I better lie down next to her now and exercise my tilt to cheer her up, maybe she’ll get her lazy butt up to throw me a snack, which would be a highlight of my day! That’s how low I’ve sunk in my poor dogsistence.
I forgot to mention before that I have a gorgeous neighbour called Lola. She is a brown labrador bitch and she is a little older than me (but not enough to call it creepy!) Our parents know each other from work and yesterday they’ve arranged to meet up for a labradate.
I got there all hopeful and over the moon, because I still remembered how beautiful Lola was and how invitingly she smelled last time I saw her.
At first I played it cool, pretended I wasn’t that desperate.
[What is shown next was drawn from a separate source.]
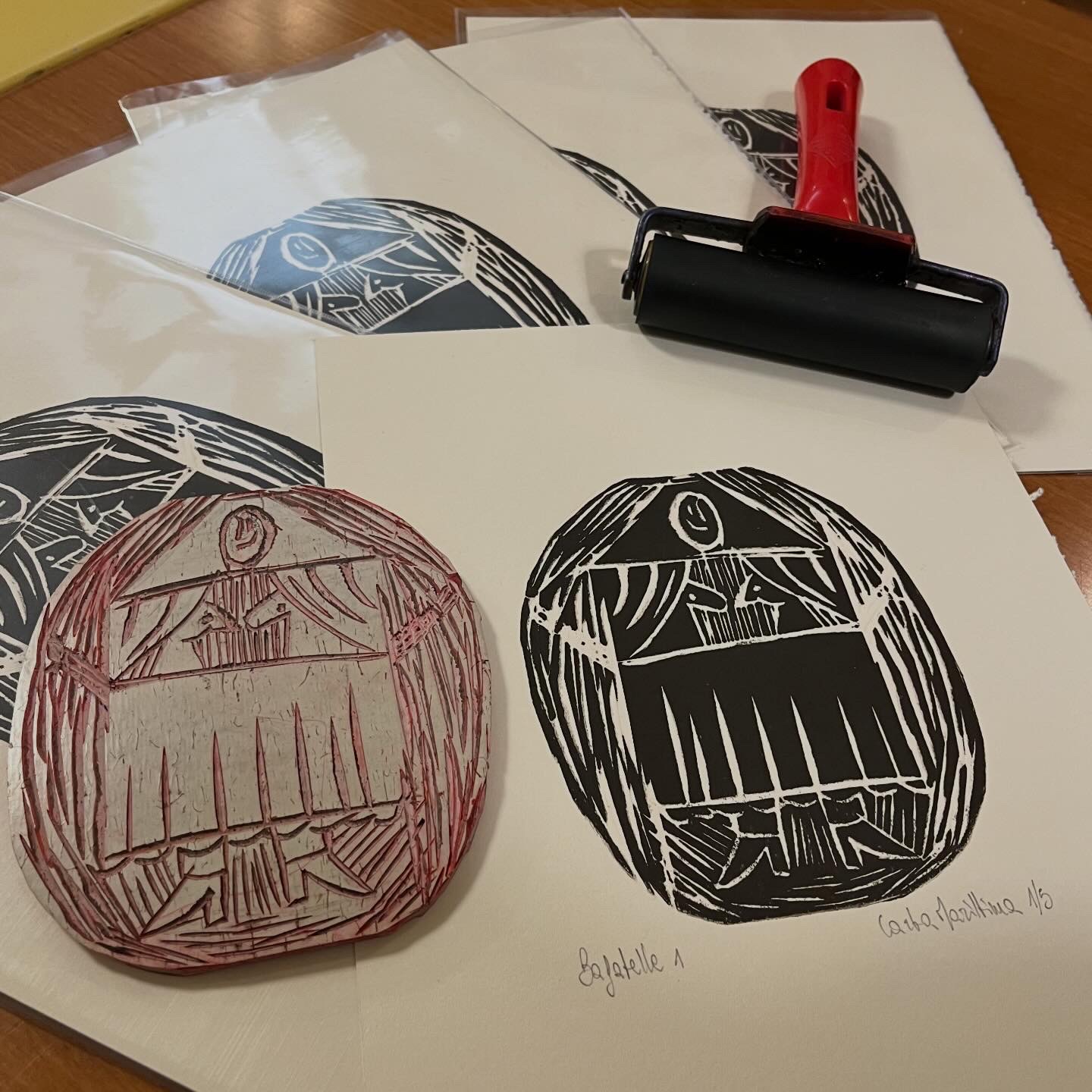 Linoleografia Bagatelle 1 su carta Rosaspina 20x25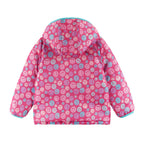 Kids Printed Reversible Puffer Jacket | Pink Smiley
But we all know that I AM that desperate so I tried to approach her from the right…
..and then from the left…
And finally I made my move
As you can see, she couldn’t be less interested if I was a spot on her collar. All she was bothered about was that green ball in her mouth.
I have balls too! – they’re different colour, but they’re still balls! 🙁
Did you notice how long and hairy her legs are? Absolute perfection!
But she just wants to be friends:( What is a dog to do when they hear that terrible verdict – let’s be friends!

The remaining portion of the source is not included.